Título: Alimentando a cultura das transgressões
Autor: Filho, André Franco Montoro
Fonte: O Estado de São Paulo, 24/02/2010, Espaço aberto, p. A2

O recente episódio da cassação do prefeito e 24 vereadores na cidade de São Paulo, por decisão de um juiz de primeira instância, explicita, de forma dramática, um dos mais perniciosos aspectos da origem e do desenvolvimento da cultura das transgressões no Brasil. Em termos gerais podemos afirmar que existe em nosso país certa condescendência com o descumprimento de regras e obrigações legais e uma relativa passividade diante de desvios de conduta e comportamentos não éticos. Pode haver uma forte reação inicial, mas passado certo tempo as transgressões são esquecidas e até perdoadas.

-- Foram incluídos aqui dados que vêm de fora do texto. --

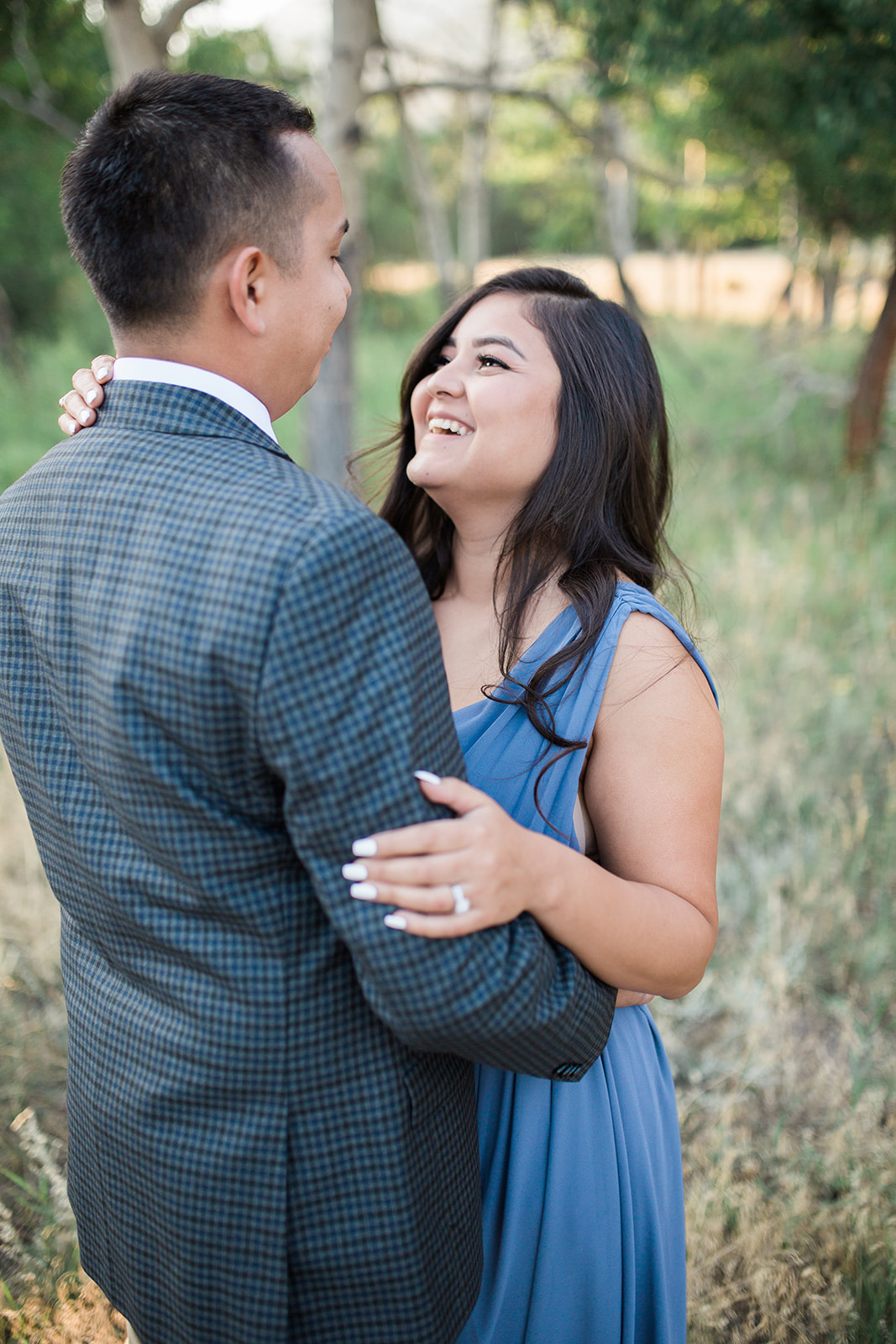 close up engaged couple, plaid jacket blue dress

A relação entre a cassação dos vereadores e a cultura das transgressões tem sua origem na generalizada convicção, no País, de que basta uma lei para corrigir problemas. Muitos acreditam que com a simples formulação de uma aperfeiçoada legislação se consegue enquadrar ou produzir uma nova realidade. Essa é uma visão simplista e equivocada. Na verdade, a lei pode regular ou disciplinar atividades humanas, pode estimular ou punir padrões de comportamento, mas não muda a natureza das coisas. Por mais polícia, fiscalização e punição que exista, a lei que não respeite a natureza do comportamento humano não será acatada. Não se consegue velejar contra o vento. Deve-se saber usar o vento para atingirmos nossos destinos, especialmente se existirem ventos contrários.

Otto Lara Rezende dizia que as leis no Brasil são como vacina, às vezes pegam, às vezes não. Como leis irrealistas não conseguem ser aplicadas, são leis que não pegam, o legislador, em geral com o apoio da opinião pública e da mídia, inventa outra lei. Essa nova lei é apresentada com a justificativa de cobrir os defeitos ou lacunas que não permitiam que a lei anterior fosse efetivamente aplicada. Com elevada probabilidade essa lei também não será obedecida. Logo outra lei será proposta para tapar os "buracos" e tornar mais rígida a legislação. E assim por diante, num processo que o acadêmico e historiador José Murilo de Carvalho denominou fúria legiferante. Das mais perversas consequências dessa dinâmica é a indicação para a sociedade de que não é preciso cumprir as leis, ao menos não todas as leis, alimentando, dessa forma, uma cultura de tolerância com as transgressões às normas legais ou éticas.

A legislação que deu origem ao processo de cassação dos vereadores, que também se aplica a outros casos que tiveram ampla repercussão nos meios de comunicação, se refere ao financiamento de campanhas eleitorais. Esse é um problema comum a todas as nações democráticas. Campanhas eleitorais são indispensáveis e quanto mais amplas, quanto mais dados forem oferecidos, mais informado estará o eleitor e mais consciente ele poderá votar.

Acontece que campanhas envolvem dispêndios financeiros, que algumas vezes são vultosos. Se não houver regras disciplinadoras, podem-se gerar desequilíbrios, favorecendo aqueles que puderem gastar mais, em geral mais ricos ou que representem grupos financeiramente mais poderosos. O perigo é que esses grupos, elegendo mais representantes, tenham um poder excessivo e desproporcional sobre as políticas públicas, em detrimento da maioria da população.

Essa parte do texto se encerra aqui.